In an implementation, if the first metal and the first metal compound are doped with silicon, a work function thereof may be smaller than the work function of the first metal and the first compound not doped with silicon. Accordingly, a work function of the first conductive pattern 135 including iii) the first metal doped with silicon or iv) the first metal compound doped with silicon may be smaller than the work function of the second conductive pattern 140 including the third metal.

In an implementation, the first metal may include, e.g., tantalum (Ta) or molybdenum (Mo).

In an implementation, the first metal compound may include, e.g., a metal oxide such as La₂O₃, Sc₂O₃, Al₂O₃, MgO, HfO₂, Y₂O₃, or the like, a metal nitride such as LaN, TaN, TiN, TiSiN, TiAlN, AlN, or the like, or a metal carbide such as TiAlC or the like.

In an implementation, the second metal may include, e.g., a metal having a small work function such as lanthanum (La), scandium (Sc), hafnium (Hf), tantalum (Ta), or the like.

In an implementation, the first conductive pattern 135 may include TiN doped with La.

The first metal or the first compound of the first conductive pattern 135 may be doped with the second metal, which may have a small work function, or silicon, which may help reduce the work function of the first conductive pattern 135, and thus a flat band voltage (Vfb) of the first conductive pattern 135, which may depend on the work function thereof, may be lowered. Accordingly, the first conductive pattern 135 may have a small flat band voltage even without having a large volume, and the on-off operation of the first gate structure 161 including the first conductive pattern 135 may be performed even at a low voltage.

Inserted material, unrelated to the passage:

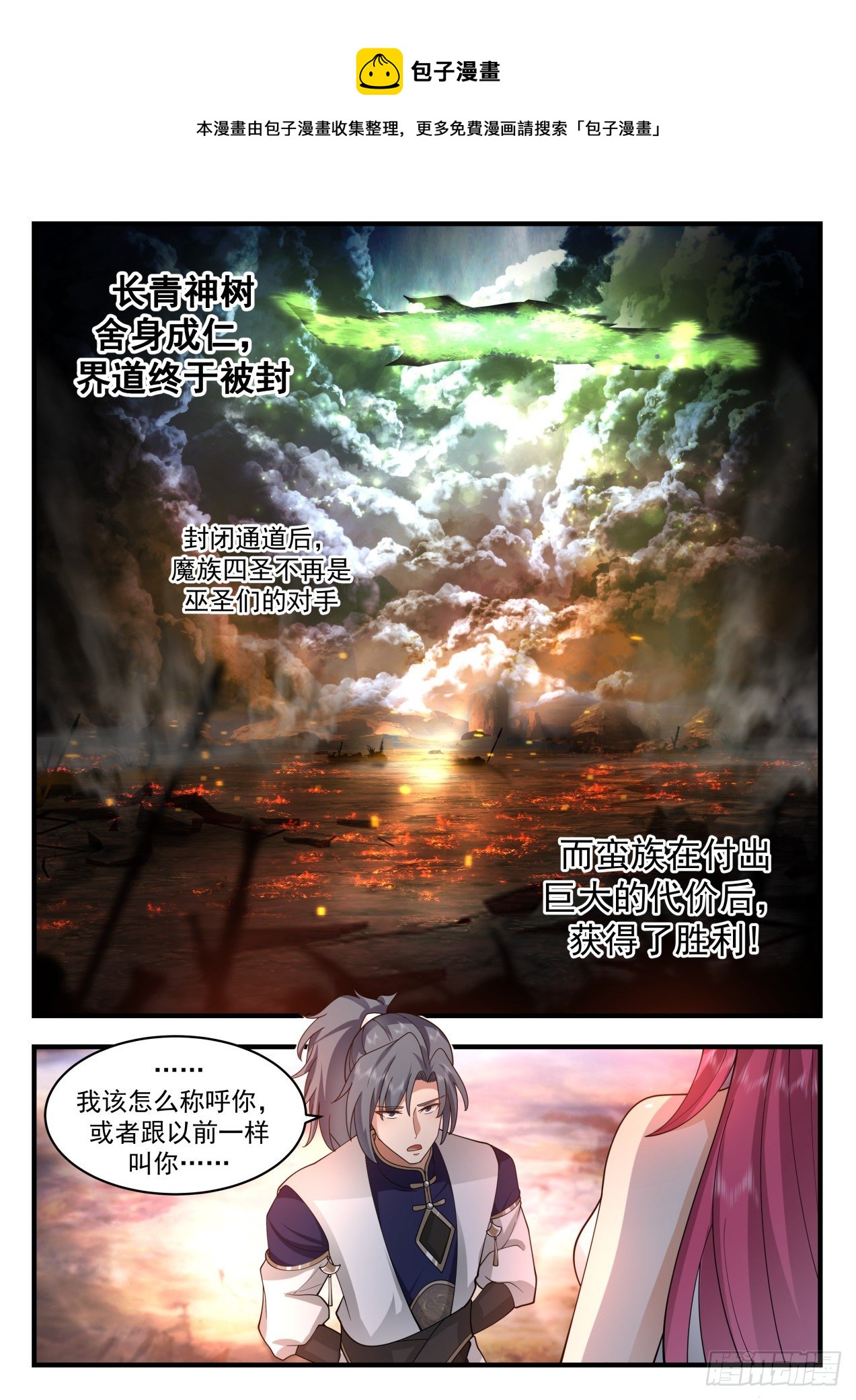 武炼巅峰漫画,2059 上古秘境篇-千幻梦境1图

In an implementation, the third metal included in the second conductive pattern 140 may be a single crystal. In an implementation, the third metal may include, e.g., a metal with a low resistance such as molybdenum (Mo), ruthenium (Ru), copper (Cu), iridium (Ir), rhodium (Rh), or the like. In an implementation, the second conductive pattern 140 may include molybdenum (Mo).

In an implementation, the first conductive pattern 135 may not need to have a large volume to have a low flat band voltage, and thus the space for the second conductive pattern 140 may be secured within the first recess, and thus the first gate structure 161 including the second conductive pattern 140 may have a low resistance.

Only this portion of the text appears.